How important are consistent standards to the finance executives that relay on business valuations? What impact do these standards have on the trustworthiness of these valuations? Are there inconsistencies in the standards being used today? And how important is a uniform approach?
These are some of the questions put to 200 finance executives and users of business valuations in a recent academic study published in Bewertungs Praktiker.
Business valuation plays an increasingly important role in financial decision making. However, stakeholders of a valuation report frequently have fierce debates on the outcomes of the valuation, the key assumptions and the approaches chosen in the valuation process. This research study explores the role of valuation standards on valuation trustworthiness from the perspective of (finance) executives as end-users of valuation work.

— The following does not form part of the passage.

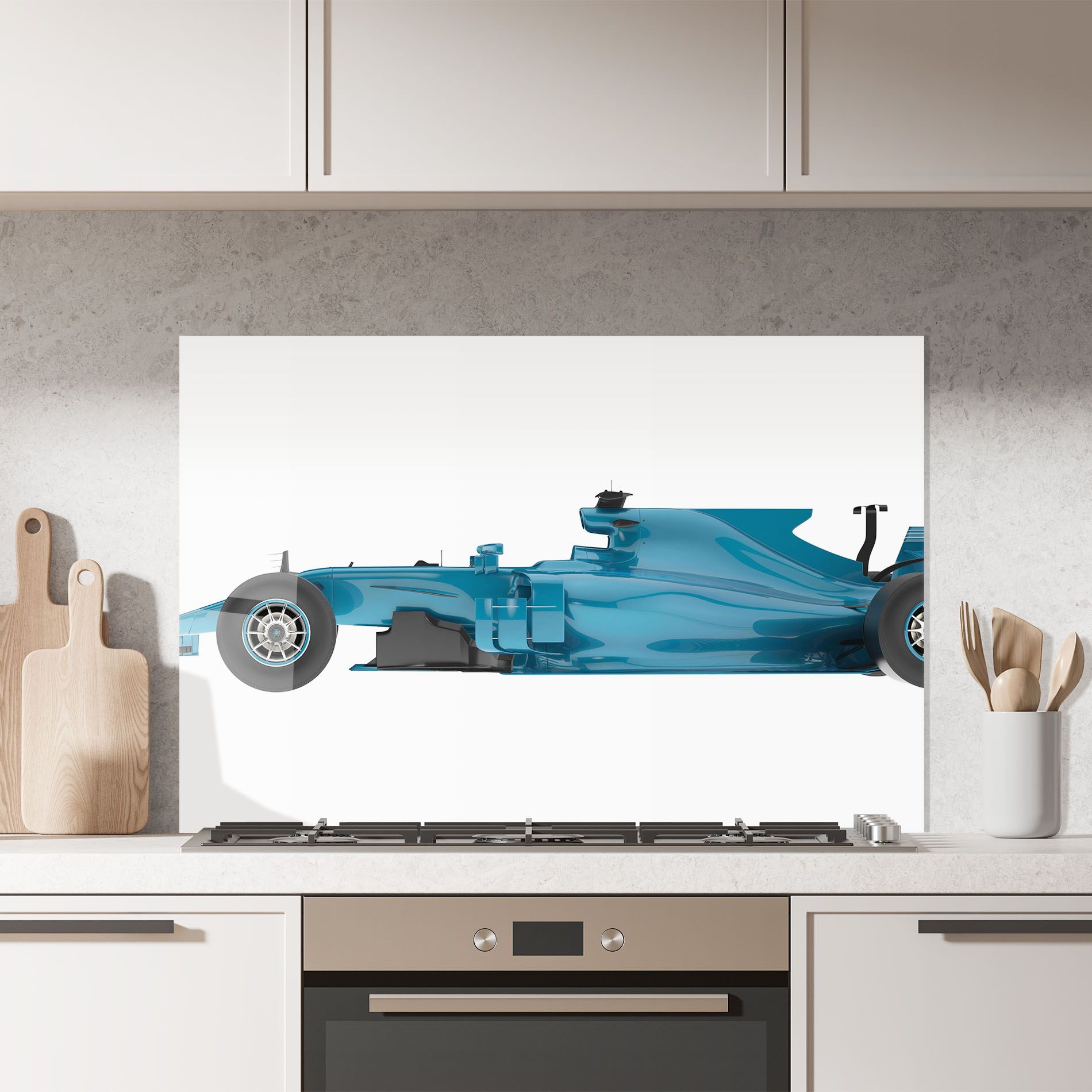Blue F1 Toy mockup 7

The study was led by three academics, all of whom are members of the IVSC’s Europe Board. Dr Marc Broekema is Assistant Professor at the Department of Business Studies, Leiden Law School of the Leiden University; Dr Olesya Perepechko is lecturer at the Great St. Petersburg Polytechnic University; and Professor Klaus Rabel is a Professor of Business Valuation at the University of Graz.
Among the findings, the study concludes that valuation standards are perceived to be beneficial for valuation practice from the end-user’s perspective, and that valuation standards should be uniform and harmonized across the world to avoid inconsistencies in information.